Ook het ruimtelijk vraagstuk rondom de gewenste hoogwatergeul tussen Veessen en Wapenveld kent deze problematiek. Consensus over de noodzaak van een ingreep is er volop, maar de vorm, de locatie en wat voor type ingreep, blijft een discussie. De aanleg van deze geul maakt ingrepen in uiterwaarden elders overbodig. Wanneer gekozen wordt voor de hoogwatergeul, begint de dialoog over de vorm. Hoe worden de dijken ingepast in het enorm open landschap, aan de oostzijde begrensd door de IJsseldijk? Wat overblijft aan ruimte tussen de nieuwe dijk en de IJsseldijk is al getypeerd als ‘badkuip’. Wordt het een groene bak met aan weerszijden dijken van 5 tot 6 meter hoog, die eenmaal in de vijfhonderd jaar onder water staat? Of wordt het een permanent watervoerende blauwe ‘rivier’ met kansen voor natuurontwikkeling en recreatie? Voor de blauwe variant moet niet alleen de grond onder de dijken, maar ook het land tussen de dijken worden aangekocht. De blauwe variant is duurder dan de groene, maar heeft meer ruimtelijke potenties in zich. Daarbij drukt zo’n enorme ingreep nog heel lang, zo niet eeuwen, een stempel op het landschap, en dat maakt een afweging gebaseerd op puur economische gronden minder aantrekkelijk.

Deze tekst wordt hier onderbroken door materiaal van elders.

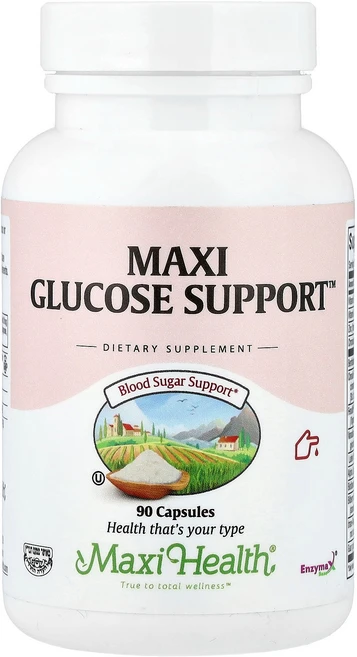 Maxi Health Maxi Glucose Support™ 90 Capsules, 1개 - 쿠팡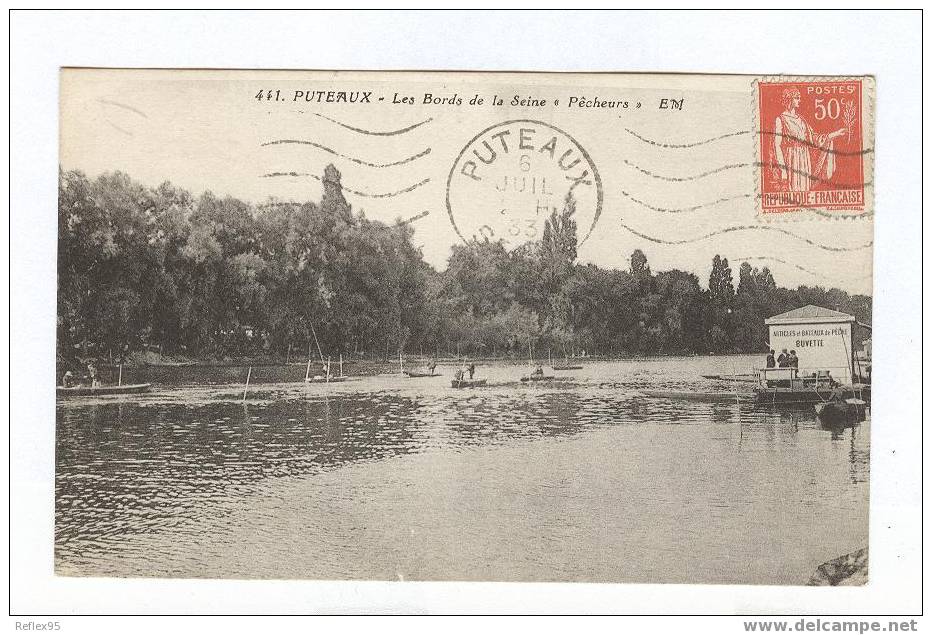 PUTEAUX - Les Bords De La Seine - Pêcheurs - Puteaux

Dwars door deze enorm complexe planologische materie heen, verschijnen ook heldere, uitgesproken voorbeeldplannen. Het ‘project Arnhem aan de Rijn’, in het kader van het project ‘Langetermijnvisie Ruimte voor de Rivier’, is illustratief voor een aanpak waarbij stad, rivier en landschap tot een nieuw concept uitgewerkt worden. Rivierverruiming, een verstedelijkingsopgave en nieuwe rivieren rondom stedelijke knelpunten leiden samen tot een uitdagend beeld. De stad profiteert van de rivier en het landschap blijft grotendeels verschoont van uiterwaardvergravingen, dijkverleggingen en nieuwe rivieren. Regionale afstemming is het devies!

Maar ook al zijn de plannen nog zo mooi, er moet politieke wil en ruimte zijn om deze uit te werken. Blijft het bij inpassen van maatregelen of wordt deze gigantische opgave een kunstwerk, een nieuwe tijdslaag naast andere karakteristieke bouwwerken; als de droogmakerijen, de Noordoostpolder, Deltawerken en Flevopolder? Een creatie die over honderd jaar niet alleen zorgt voor droge voeten, maar ook voor ruimtelijke kwaliteit en identiteit. Een stuk cultuurhistorie om trots op te zijn. Daarvoor is ‘regionale planvorming’ nodig, maar bovenal politieke wil.